Parsing PNGs with Node, Part 3
We left off the last post with the image metadata and raw bytes for the pixels.
Here’s the image I’m working against:
And here’s the final output of this post.
The IHDR
chunk fully parsed provides this information:
{
"width": 150,
"height": 200,
"bitDepth": 8,
"colorType": 0,
"compression": 0,
"filter": 0,
"interlace": 0
}
Our new function will take in the metadata and raw pixels like so:
const colorChannelMatrix = {
0: 1,
2: 3,
3: 1,
4: 2,
6: 4,
}
function parsePixels(signature, pixels) {
const { height, width, colorType, bitDepth } = signature
// the product of the colorType and bitDepth determines the bits per pixel
let bitsPerPixel = colorChannelMatrix[colorType] * bitDepth
// using the derived bits per pixel * width, find the bits per row / scanline
let bitsPerRow = bitsPerPixel * width
// finally divide that by 8 to find the bytes per row
let bytesPerRow = Math.ceil(bitsPerRow / 8)
}
Before we get too far into parsing the pixels, let’s go over the image metadata, the raw pixels, and what it all signifies.
The pixels
parameter is a Buffer array, but let’s think about what that means. The buffer is a just a blob of pixels, and just like the chunks of the pixels, nothing signifies the beginning or end of a row. So how do we know when one row of pixels ends and another begins? Let’s get into it!
Let’s start by considering the difference between a single value versus a single pixel. Consider RBG values, such as a baby blue 137, 207, 240
.
In order to apply that blue, we need all three of the numbers in the correct order. After all 240, 137, 207
is compromised of the same values, but is a completely different color!
It’s probably obvious that the individual values are 137
, 207
and 240
, but consider that the binary representation of this color looks like this:
[ 1, 0, 0, 0, 1, 0, 0, 1, 1, 1, 0, 0, 1, 1, 1, 1, 1, 1, 1, 1, 0, 0, 0, 0 ]
And that’s just a single pixel! We talked before about how the byte array of pixels is just a flat blob of bits. Take a high definition photo, it might be 1920 x 1080 pixels or ~2.1 million pixels. Think about that compared to the single pixel array up above, because that’s a lot of data without an obvious place to start or stop!
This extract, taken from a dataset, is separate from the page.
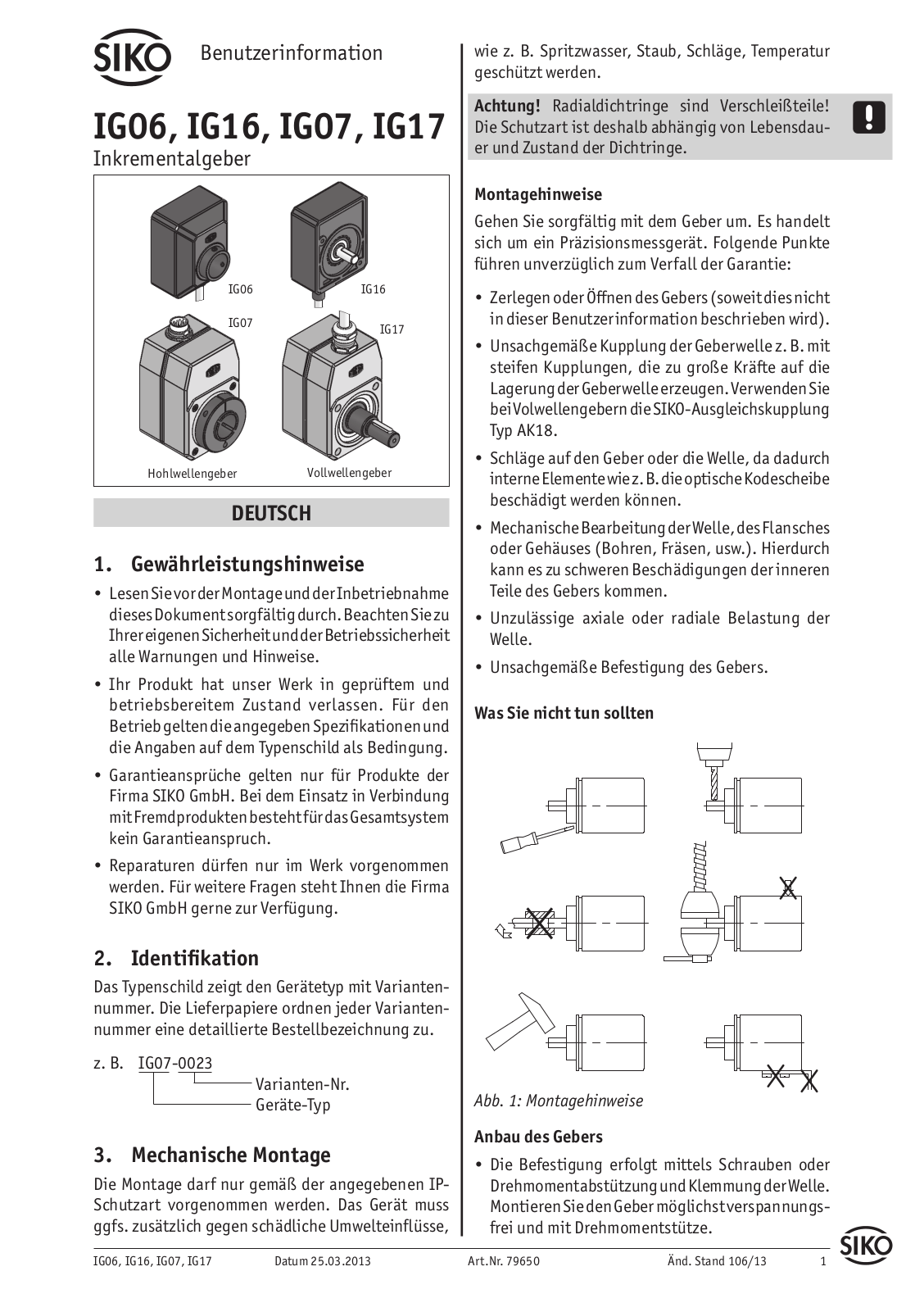 Siko IG16, IG06, IG17, IG07 User Information - ManualMachine.com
It’s easy to see how getting off by 1 or 2 bits could really change the outcome of our image.
Fortunately, PNGs provide us with everything we need to pull pixels out of this haystack of 0s and 1s. To derive the number of bits in a single pixel, we combine bitDepth
and colorType
. There are 5 different color types, but for the purposes of this blog post, we’ll be focusing on grayscale. (Read more about different color types and their associated bit depths in the spec.)
A Color Type
will only support certain Bit Depths
. Grayscale is represented by two color type codes: 0 and 4. 0 indicates grayscale without transparency (alpha), and 4 indicates grayscale with transparency. Color type 4 supports bit depths of 8 and 16, while Color Type 0 supports all bit depths (1, 2, 4, 8, and 16).
You might be thinking, “ok, that’s interesting, but what does it mean?” Essentially, your colorType
will tell you how many individual values make up a pixel, and your bitDepth
will tell you how many bits make up an individual value.
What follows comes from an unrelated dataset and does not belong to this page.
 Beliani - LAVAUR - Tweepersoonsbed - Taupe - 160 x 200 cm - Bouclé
So using my sample photo as an example:
let bitsPerPixel = colorChannelMatrix[colorType] * bitDepth // 1 * 8
For my image, the color type is 0, which indicates a single numerical value represents each pixel. The bit depth is 8, which indicates we need to parse 8 bits at a time to find the value for each pixel. Now we will use width to determine how many bits are in a row, and then convert that to bytes.
let bitsPerRow = bitsPerPixel * width // 8 * 150
let bytesPerRow = Math.ceil(bitsPerRow / 8) // 1200 / 8
Remember, while the sample image allocates 8 bits per pixel, or exactly one byte, it’s possible for a pixel to be larger or even smaller than a single byte. That’s why we first calculate the pixel size in bits and then convert to bytes.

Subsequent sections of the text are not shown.